Gay TI executive joins board of UWMD, heading outreach to LGBT community
DAVID TAFFET | Staff Writer
United Way of Metropolitan Dallas recently honored Andy Smith was honored with the agency’s Live United Volunteer Award.
Smith also recently joined the UWMD board of directors, becoming the only openly gay board member for the agency.
UWMD President and CEO Gary Godsey said, “He’s the kind of guy I’d like to have 100 of. If he says yes, it’s a done deal. He always follows through.”
Smith, the director of corporate philanthropy for Texas Instruments, chairs both the Volunteer Experience Subcommittee and the UWMD LGBT Partnership Committee.
In his position at TI, Smith coordinates support for United Way. His company is one of the agency’s leading corporate contributors.
Although United Way was, in the early 1990s, hesitant to award grants to LGBT organization Resource Center Dallas, RCD has now become a regular recipient of United Way funding.
This is no longer “your father’s United Way,” Smith said.
“They [the Resource Center] have really earned their stay at United Way with some really great proposals,” Godsey said.
AIDS Arms got one of this year’s larger United Way grants. Bryan’s House was added to the list of recipients for the current grant cycle.
Smith said that United Way doesn’t want to just be involved with the LGBT community, United Way wants to be a part of the community. That’s why the agency had an entry in last year’s Pride parade and a booth at Razzle Dazzle Dallas earlier this month, and has become a regular Out & Equal participant.
Smith said his involvement with United Way began in Austin with Communities In Schools — Central Texas Inc. When he moved to Dallas and went to work for TI, he got involved as a donor to the United Way campaign.

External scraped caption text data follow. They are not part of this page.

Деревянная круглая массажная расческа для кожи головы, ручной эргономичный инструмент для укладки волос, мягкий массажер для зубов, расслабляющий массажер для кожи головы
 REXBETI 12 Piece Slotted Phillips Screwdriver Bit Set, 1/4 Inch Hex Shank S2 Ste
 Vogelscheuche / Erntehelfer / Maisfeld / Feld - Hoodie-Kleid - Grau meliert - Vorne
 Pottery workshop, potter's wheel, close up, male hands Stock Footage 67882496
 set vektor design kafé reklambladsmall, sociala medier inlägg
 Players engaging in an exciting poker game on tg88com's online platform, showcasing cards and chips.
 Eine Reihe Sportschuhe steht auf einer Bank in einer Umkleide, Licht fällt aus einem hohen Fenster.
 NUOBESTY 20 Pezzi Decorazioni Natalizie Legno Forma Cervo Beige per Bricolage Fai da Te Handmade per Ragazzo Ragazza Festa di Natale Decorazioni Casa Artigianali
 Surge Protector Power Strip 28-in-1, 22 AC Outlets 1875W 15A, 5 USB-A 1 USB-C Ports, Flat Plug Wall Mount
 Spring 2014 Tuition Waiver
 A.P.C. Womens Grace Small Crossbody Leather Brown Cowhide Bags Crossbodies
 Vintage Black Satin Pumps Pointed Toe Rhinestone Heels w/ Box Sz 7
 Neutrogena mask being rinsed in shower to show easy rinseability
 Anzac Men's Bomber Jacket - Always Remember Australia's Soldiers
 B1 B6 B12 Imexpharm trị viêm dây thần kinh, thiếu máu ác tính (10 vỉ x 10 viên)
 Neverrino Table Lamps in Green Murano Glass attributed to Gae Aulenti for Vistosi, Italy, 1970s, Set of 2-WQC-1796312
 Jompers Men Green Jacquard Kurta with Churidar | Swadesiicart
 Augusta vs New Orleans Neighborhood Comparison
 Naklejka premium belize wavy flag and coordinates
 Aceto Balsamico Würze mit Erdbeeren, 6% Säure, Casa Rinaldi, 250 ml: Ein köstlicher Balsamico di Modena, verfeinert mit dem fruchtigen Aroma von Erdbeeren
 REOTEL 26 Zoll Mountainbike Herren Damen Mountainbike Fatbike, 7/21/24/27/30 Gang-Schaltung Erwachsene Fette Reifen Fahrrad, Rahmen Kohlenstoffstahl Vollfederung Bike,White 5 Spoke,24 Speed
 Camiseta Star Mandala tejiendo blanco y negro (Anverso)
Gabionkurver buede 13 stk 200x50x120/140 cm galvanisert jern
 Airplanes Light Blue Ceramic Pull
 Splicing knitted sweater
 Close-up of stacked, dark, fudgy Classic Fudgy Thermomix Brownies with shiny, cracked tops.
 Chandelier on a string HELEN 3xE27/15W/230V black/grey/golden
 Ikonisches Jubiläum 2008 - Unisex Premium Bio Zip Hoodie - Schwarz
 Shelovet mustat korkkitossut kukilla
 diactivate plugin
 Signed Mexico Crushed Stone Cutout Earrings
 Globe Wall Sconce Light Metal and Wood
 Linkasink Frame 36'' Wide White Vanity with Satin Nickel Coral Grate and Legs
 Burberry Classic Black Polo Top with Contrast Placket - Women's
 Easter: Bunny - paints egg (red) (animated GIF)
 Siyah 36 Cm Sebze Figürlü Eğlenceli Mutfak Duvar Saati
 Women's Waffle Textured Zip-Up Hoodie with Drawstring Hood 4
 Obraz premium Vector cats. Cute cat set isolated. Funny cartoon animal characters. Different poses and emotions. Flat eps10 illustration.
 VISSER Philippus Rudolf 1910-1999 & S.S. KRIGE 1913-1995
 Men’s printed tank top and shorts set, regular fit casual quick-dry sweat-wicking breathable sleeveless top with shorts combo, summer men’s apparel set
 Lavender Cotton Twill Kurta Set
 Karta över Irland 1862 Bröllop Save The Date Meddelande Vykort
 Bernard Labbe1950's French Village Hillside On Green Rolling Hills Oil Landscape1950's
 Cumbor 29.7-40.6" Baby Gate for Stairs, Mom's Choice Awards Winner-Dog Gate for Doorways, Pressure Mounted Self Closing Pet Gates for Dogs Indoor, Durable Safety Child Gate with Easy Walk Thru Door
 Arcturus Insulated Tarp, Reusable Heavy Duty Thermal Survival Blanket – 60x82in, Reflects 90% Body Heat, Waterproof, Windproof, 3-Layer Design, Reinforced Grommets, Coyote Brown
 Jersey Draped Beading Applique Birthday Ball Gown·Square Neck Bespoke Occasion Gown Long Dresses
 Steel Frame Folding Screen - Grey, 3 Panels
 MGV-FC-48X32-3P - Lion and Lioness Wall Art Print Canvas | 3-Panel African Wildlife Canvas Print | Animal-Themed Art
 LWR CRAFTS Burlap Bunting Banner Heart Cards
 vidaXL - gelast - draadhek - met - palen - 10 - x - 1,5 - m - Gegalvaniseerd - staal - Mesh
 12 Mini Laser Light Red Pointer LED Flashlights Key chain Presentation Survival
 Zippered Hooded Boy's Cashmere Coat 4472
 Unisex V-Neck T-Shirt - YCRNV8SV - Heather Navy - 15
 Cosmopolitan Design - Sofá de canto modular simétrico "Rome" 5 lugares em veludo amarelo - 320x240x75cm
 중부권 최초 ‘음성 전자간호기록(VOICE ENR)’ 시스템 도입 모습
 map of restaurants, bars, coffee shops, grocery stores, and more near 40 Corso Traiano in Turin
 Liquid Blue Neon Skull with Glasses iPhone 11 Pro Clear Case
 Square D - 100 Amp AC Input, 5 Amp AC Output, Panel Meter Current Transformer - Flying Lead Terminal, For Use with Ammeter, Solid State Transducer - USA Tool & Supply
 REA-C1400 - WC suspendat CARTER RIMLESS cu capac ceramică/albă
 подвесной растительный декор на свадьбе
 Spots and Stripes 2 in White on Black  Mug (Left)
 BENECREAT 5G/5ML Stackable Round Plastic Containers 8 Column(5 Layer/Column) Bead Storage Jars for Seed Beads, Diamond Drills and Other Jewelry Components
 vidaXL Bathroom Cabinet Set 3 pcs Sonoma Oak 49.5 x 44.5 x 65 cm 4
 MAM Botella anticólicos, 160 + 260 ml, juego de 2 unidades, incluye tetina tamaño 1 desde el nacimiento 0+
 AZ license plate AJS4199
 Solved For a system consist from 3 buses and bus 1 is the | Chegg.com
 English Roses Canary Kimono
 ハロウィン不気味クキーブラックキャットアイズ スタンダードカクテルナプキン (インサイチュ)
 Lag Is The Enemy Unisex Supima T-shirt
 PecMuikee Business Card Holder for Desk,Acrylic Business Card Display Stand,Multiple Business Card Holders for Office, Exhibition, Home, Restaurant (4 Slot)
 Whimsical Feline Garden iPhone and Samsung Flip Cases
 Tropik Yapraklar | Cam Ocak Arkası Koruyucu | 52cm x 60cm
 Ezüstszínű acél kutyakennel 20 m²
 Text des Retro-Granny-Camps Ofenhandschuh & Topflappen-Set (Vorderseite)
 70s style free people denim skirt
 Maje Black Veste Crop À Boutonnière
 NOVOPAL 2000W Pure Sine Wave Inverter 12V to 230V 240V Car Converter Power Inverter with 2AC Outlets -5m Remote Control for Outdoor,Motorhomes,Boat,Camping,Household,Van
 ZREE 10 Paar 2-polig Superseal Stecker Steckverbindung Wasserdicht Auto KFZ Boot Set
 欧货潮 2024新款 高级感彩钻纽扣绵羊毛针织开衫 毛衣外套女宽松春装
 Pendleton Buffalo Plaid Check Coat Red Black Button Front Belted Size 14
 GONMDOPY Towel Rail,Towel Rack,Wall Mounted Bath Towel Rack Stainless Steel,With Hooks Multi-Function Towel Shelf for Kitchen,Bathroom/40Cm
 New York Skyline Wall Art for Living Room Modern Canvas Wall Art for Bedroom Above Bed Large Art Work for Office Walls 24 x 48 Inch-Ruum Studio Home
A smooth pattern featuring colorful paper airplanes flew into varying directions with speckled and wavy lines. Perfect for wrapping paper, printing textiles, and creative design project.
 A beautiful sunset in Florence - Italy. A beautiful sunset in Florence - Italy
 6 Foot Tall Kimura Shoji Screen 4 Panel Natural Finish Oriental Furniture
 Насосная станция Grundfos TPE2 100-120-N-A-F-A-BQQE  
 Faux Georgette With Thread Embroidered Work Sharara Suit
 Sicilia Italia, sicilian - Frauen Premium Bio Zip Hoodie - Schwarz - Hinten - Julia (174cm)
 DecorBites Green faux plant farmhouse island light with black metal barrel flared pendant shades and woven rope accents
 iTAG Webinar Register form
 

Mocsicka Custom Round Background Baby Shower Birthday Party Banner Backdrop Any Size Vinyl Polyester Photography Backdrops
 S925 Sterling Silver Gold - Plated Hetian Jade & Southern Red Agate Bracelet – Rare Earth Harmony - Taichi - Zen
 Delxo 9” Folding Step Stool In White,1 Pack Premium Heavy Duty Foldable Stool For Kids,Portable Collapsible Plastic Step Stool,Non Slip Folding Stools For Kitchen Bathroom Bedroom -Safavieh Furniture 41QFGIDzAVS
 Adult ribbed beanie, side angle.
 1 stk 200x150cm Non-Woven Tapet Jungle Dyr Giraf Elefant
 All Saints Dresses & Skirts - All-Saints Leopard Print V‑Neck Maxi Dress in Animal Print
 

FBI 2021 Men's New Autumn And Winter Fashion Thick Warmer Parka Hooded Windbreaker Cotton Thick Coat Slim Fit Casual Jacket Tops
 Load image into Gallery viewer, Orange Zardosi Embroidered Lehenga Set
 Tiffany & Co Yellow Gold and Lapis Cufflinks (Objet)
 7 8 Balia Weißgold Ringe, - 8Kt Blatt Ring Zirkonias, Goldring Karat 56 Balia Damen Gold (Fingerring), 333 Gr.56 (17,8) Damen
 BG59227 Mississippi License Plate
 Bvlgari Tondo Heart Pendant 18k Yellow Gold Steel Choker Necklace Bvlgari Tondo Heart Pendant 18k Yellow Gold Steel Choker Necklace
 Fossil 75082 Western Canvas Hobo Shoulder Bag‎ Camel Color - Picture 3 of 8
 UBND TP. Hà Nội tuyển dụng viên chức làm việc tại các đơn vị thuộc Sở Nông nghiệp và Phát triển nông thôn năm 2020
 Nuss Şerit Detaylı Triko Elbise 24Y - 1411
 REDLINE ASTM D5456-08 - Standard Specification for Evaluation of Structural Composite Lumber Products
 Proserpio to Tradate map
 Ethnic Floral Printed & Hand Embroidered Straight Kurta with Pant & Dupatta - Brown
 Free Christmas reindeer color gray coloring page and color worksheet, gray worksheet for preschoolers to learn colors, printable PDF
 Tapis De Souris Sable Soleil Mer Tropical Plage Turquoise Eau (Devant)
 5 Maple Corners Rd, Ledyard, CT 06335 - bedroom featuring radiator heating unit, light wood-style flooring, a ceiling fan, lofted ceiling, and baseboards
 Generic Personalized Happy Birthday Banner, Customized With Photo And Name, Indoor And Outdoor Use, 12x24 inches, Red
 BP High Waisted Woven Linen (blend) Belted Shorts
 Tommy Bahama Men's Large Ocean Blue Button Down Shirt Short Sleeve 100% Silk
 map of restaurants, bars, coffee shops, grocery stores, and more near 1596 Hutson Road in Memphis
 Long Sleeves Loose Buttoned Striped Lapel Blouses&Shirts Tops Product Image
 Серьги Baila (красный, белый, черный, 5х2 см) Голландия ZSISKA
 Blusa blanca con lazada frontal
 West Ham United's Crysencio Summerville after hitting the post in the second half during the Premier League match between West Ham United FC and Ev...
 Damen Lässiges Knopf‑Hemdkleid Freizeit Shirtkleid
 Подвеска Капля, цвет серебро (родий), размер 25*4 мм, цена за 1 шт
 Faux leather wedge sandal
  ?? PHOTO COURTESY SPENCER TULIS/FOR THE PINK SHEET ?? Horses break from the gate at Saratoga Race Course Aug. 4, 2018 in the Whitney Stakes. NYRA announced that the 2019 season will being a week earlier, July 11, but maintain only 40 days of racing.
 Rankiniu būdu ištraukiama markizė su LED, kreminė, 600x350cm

In his current position, Smith manages TI’s giving campaign. But he also creates volunteer opportunities for individuals, teams and families that include mentoring, tax consulting and staffing health fairs.
He said those opportunities are also available to other members of the LGBT community through United Way.
This year, United Way changed its giving campaign to focus on education, income and health. As a result, new agencies were included and others lost their United Way funding. All applicants currently apply and are vetted annually.
“There’s a rigorous stewardship process,” Smith said.
The allocation panels help vet grants and decide where the money goes and said that up to 200 volunteers participate.
He said a number of committees, including marketing and finance, need volunteers as well.
Godsey said that United Way could not operate with its volunteers and he called Smith a shining example of inspirational leadership.